● **TASK DETAILS**: Write out everything in the records exactly, apart from the pictures.

>>>>>

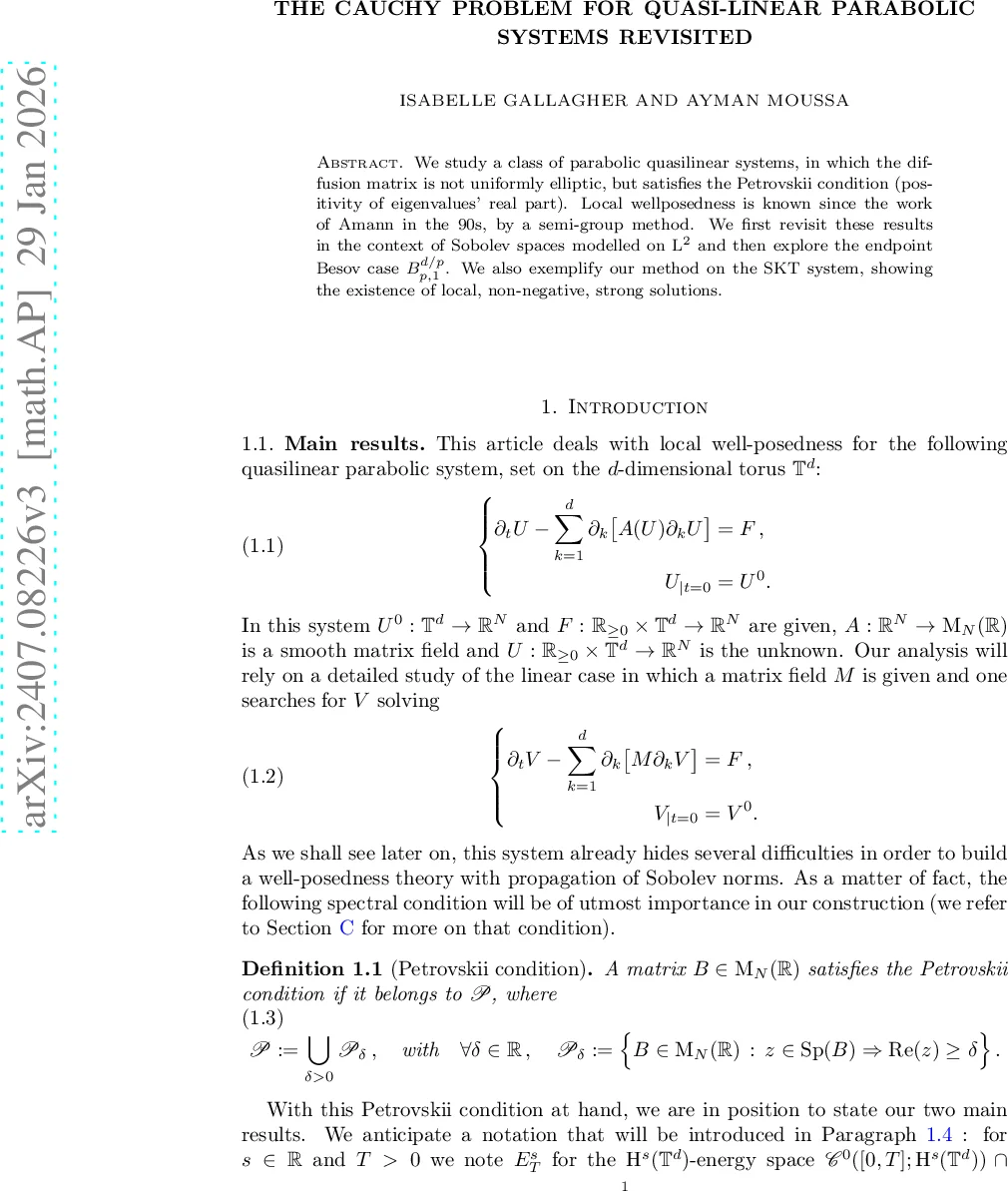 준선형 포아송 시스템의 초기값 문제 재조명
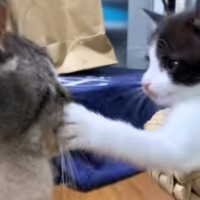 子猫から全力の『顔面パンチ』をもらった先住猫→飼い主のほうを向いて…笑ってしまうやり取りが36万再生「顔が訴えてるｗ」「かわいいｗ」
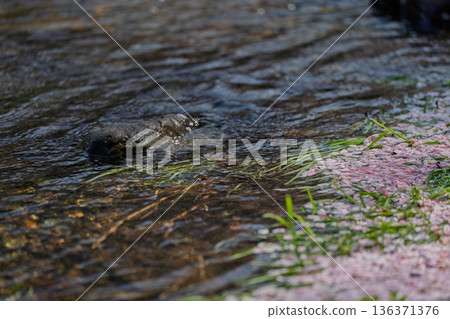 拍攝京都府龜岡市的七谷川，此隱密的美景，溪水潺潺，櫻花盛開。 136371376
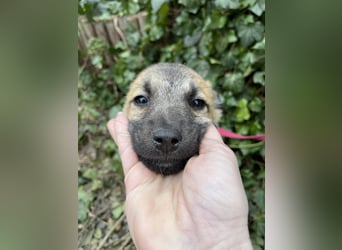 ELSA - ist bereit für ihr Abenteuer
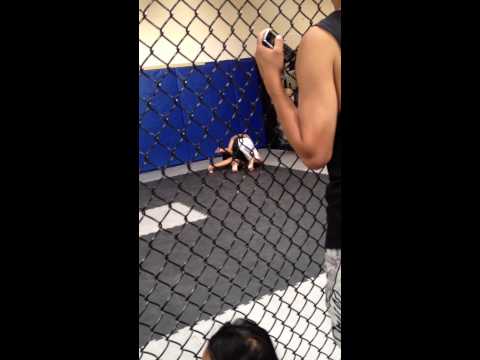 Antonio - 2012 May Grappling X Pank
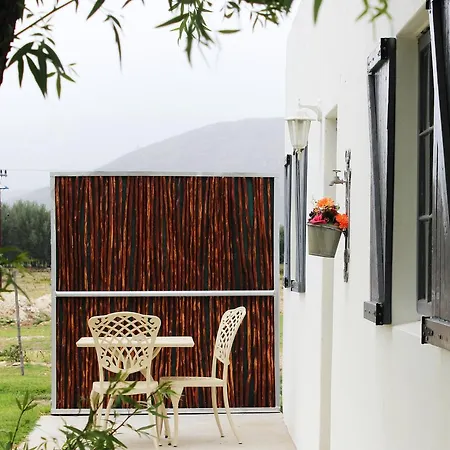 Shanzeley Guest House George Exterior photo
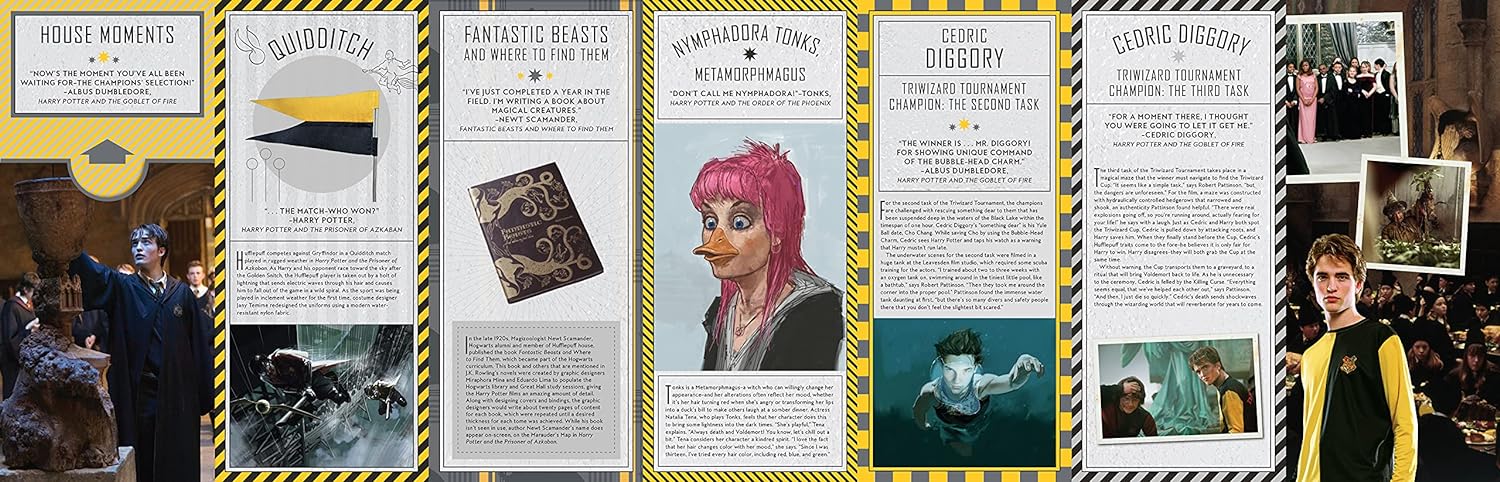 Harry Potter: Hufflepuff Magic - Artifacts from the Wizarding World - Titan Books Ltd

<<<<<

● **THE COMPLETED TASK**:
 준선형 포아송 시스템의 초기값 문제 재조명
 子猫から全力の『顔面パンチ』をもらった先住猫→飼い主のほうを向いて…笑ってしまうやり取りが36万再生「顔が訴えてるｗ」「かわいいｗ」
 拍攝京都府龜岡市的七谷川，此隱密的美景，溪水潺潺，櫻花盛開。 136371376
 ELSA - ist bereit für ihr Abenteuer
 Antonio - 2012 May Grappling X Pank
 Shanzeley Guest House George Exterior photo
 Harry Potter: Hufflepuff Magic - Artifacts from the Wizarding World - Titan Books Ltd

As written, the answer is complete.